* **TASK DIRECTIONS**: Your task is to filter the data below down to the lines holding "Replacement".

########################################

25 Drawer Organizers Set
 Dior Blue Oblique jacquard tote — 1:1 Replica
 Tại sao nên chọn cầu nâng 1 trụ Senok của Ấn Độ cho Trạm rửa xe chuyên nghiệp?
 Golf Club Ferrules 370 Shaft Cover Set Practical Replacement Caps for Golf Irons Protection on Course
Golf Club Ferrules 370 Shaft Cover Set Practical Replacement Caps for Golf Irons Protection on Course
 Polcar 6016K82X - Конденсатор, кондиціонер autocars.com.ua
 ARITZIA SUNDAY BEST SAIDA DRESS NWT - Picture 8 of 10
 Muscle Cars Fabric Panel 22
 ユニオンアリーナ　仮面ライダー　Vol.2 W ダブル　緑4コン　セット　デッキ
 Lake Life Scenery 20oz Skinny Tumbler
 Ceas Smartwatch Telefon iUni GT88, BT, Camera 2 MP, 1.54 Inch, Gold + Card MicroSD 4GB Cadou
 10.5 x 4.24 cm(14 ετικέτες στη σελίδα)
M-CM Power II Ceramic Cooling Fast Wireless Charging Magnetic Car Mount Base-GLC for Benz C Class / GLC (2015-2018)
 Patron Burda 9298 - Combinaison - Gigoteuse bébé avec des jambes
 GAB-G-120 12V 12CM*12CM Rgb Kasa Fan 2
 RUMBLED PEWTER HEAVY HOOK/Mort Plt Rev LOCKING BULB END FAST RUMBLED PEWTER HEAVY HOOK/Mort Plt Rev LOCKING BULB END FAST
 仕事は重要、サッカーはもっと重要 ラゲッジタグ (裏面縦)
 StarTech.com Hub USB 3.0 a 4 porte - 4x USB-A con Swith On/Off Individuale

########################################

* **RESPONSE TO THE TASK**:
 Golf Club Ferrules 370 Shaft Cover Set Practical Replacement Caps for Golf Irons Protection on Course
Golf Club Ferrules 370 Shaft Cover Set Practical Replacement Caps for Golf Irons Protection on Course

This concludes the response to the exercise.